Direct velocity measurements were carried out using the onboard SADCP: Teledyne RD Instruments Ocean Surveyor (TRDI OS) with a frequency of 76.8 kHz. We set 60 bins, each 16 m thick with an 8 m blank distance below the bottom of the ship, where the transducer was installed. This setting gives 22 m depth for the center of the uppermost layer of velocity measurements. The time averaging was 120 s. The speed of the ship was 8–10 knots; hence, measurements were made every ~500 m.

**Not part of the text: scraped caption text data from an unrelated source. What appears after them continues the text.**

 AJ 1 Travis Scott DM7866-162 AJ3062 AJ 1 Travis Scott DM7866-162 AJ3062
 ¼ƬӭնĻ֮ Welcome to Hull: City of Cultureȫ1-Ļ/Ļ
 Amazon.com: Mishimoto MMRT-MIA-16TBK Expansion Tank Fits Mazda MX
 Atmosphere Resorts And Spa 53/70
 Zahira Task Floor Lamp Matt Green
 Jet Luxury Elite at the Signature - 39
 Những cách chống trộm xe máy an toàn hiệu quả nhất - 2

We additionally applied historical oceanographic data from the WOD18, satellite images of surface salinity from the SMOS satellite data (Soil Moisture and Ocean Salinity) [https://www.esa.int/Applications/Observing_the_Earth/FutureEO/SMOS] (accessed on 10 May 2024), and current velocities calculated from AVISO satellite altimetry data (Archiving, Validation, and Interpretation of Satellite Oceanographic Data) [https://www.aviso.altimetry.fr/en/data/products/sea-surface-height-products/global.html] (accessed on 10 May 2024). The altimetry data have a daily temporal resolution and spatial resolution of 0.25°. The data are available in near-real time and are updated daily.

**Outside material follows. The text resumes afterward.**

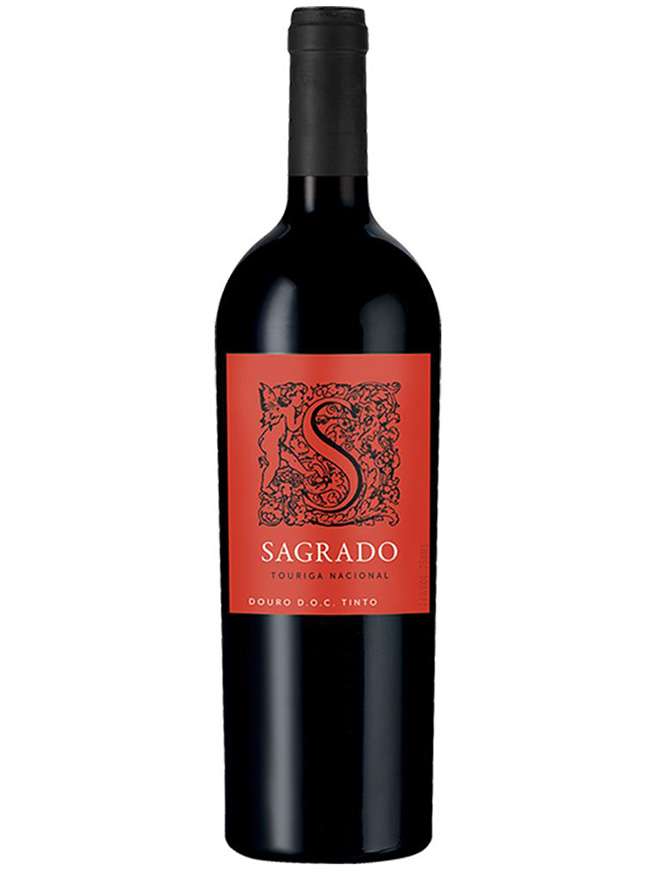 Sagrado Touriga Nacional Tinto 2016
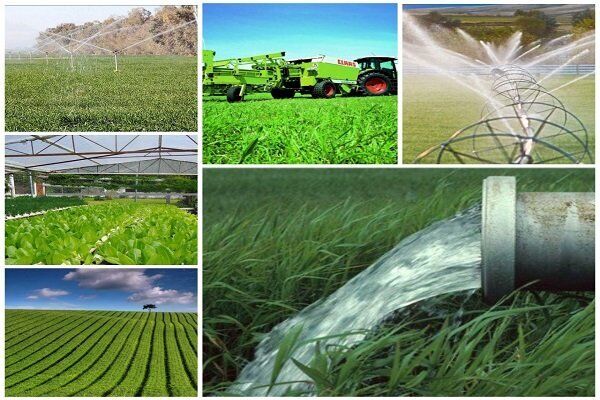 اتاق اصناف کشاورزی ایران تشکیل می شود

The Lagrangian approach was used to determine the source and to model the pathways of desalinated waters to the region of measurements. Its essence is to construct a large number of marker trajectories simulating waters with specific oceanographic characteristics [47,48,49]. A spot (number 1) of 20,000 markers was placed on segment-1 with coordinates 5°12.0′–5°15.6′ N, 38°48′ W during the measurements on 2 February 2024, and another spot (number 2) was placed on segment-2 with coordinates 8°27′–8°33′ N, 38°48′ W on 4 February 2024. After that, based on the AVISO velocity field (with a spatial resolution of 1/4°), a numerical calculation of the marker trajectories was carried out in reverse time over a period of 180 days.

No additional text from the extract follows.